When the resistive touch panel is used, a user presses on an area of the shielding layer, which in turn presses down the first flexible electrically conducting layer into contact with the second electrically conducting layer while pressing away the liquid. The point of contact is then registered electrically and used in the phone.

The present invention has a number of advantages. If the liquid is better index matched to the conducting layer than air, the result will be a touch panel with less reflections. Because of this the display will look clearer and have higher contrast in bright sunshine. Another positive characteristic with the touch panel according to the invention is that troublesome optical defects like Newton Rings are removed. The invention also enables the removal of spacers and other elements, where some other elements may be provided to counter optical problems like diffusive anti-Newton ring layers. This enables fine tuning of the optical characteristics of the chamber. Because of the good optical properties the panel will not provide a greyish colour when not being irradiated by light from a display, and thus enables the possibility to provide differentiated designs and colours for the panel. It will also enable the provision of a sharp image from a display provided under it.

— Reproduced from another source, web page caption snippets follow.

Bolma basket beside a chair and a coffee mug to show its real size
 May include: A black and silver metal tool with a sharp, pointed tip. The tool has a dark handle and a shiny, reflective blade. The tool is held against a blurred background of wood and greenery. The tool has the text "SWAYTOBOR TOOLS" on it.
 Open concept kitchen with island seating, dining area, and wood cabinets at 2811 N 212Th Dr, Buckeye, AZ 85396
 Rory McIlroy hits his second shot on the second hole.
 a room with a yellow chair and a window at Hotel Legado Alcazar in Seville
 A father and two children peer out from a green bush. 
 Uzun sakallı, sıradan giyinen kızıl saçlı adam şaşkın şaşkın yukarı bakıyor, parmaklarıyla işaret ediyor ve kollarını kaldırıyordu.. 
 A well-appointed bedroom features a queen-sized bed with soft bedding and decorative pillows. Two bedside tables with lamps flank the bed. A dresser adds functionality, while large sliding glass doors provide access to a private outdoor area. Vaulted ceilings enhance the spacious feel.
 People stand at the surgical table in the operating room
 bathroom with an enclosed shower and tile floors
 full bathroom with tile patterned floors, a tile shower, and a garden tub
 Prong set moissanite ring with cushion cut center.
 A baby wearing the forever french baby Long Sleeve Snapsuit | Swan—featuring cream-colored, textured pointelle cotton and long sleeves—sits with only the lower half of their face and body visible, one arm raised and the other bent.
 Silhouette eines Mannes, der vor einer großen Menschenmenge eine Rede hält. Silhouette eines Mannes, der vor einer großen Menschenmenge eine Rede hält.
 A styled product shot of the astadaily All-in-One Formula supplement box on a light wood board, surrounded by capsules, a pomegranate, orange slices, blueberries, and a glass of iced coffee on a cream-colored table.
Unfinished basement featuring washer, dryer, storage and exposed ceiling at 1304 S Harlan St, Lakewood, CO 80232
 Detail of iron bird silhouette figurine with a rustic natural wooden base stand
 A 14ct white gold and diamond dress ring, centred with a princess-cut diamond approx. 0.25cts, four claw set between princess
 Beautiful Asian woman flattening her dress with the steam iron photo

The invention may be provided as only a resistive touch panel, as a combination of a resistive touch panel and display as well as a resistive touch panel provided in a portable electronic device together with or without a display.

Claims

1. Resistive touch panel (32) comprising: a first flexible electrically conducting layer (18), a second electrically conducting layer (22), and a separating chamber (20) provided between the first and second electrically conducting layers, wherein said chamber (20) comprises a transparent liquid (L).

2. Resistive touch panel (32) according to claim 1 , wherein the liquid (L) is electrically isolating.

3. Resistive touch panel (32) according to claim 1 or 2, wherein the liquid (L) is a chemically non-reactive liquid at least regarding the materials that make up the walls of the chamber (20).

4. Resistive touch panel (32) according to any of claims 1 - 3, wherein the liquid (L) is insensitive to temperature and pressure.

5. Resistive touch panel (32) according to any of claims 1 - 4, wherein the liquid

(L) has a refractive index that is matched to the refractive index of the first conducting layer (18).

6. Resistive touch panel (32) according to claim 5, wherein the refractive index of the liquid (L) is matched to the refractive index of the second conducting layer

(22).

7. Resistive touch panel (32) according to claim 5 or 6, wherein the refractive index of the liquid (L) is higher than the refractive index of air.

8. Resistive touch panel (32) according to claim 7, wherein the refractive index of the liquid (L) has been chosen within an interval that provides reflection for incident light off the liquid (L) in relation to the first electrically conducting layer (18) that is below a desired percentage, which percentage may be 10 percent, with advantage around four percent and preferably less than one percent.

9. Resistive touch panel (32) according to any of claims 1 - 8, wherein the liquid (L) is an oil-based liquid.

10. Information presenting device (12) comprising: a resistive touch panel (32) having a first flexible electrically conducting layer (18), a second electrically conducting layer (22), and a separating chamber (20) provided between the first and second electrically conducting layers, and a display (30) provided below said resistive touch panel (32), wherein said chamber (20) comprises a transparent liquid (L).

11. Portable electronic device comprising a resistive touch panel (32) having: a first flexible electrically conducting layer (18), a second electrically conducting layer (22), and a separating chamber (20) provided between the first and second electrically conducting layers, wherein said chamber (20) comprises a transparent liquid (L).

12. Portable electronic device according to claim 11 , wherein the device is a portable communication device.

13. Portable electronic device according to claim 12, wherein the device is a cellular phone.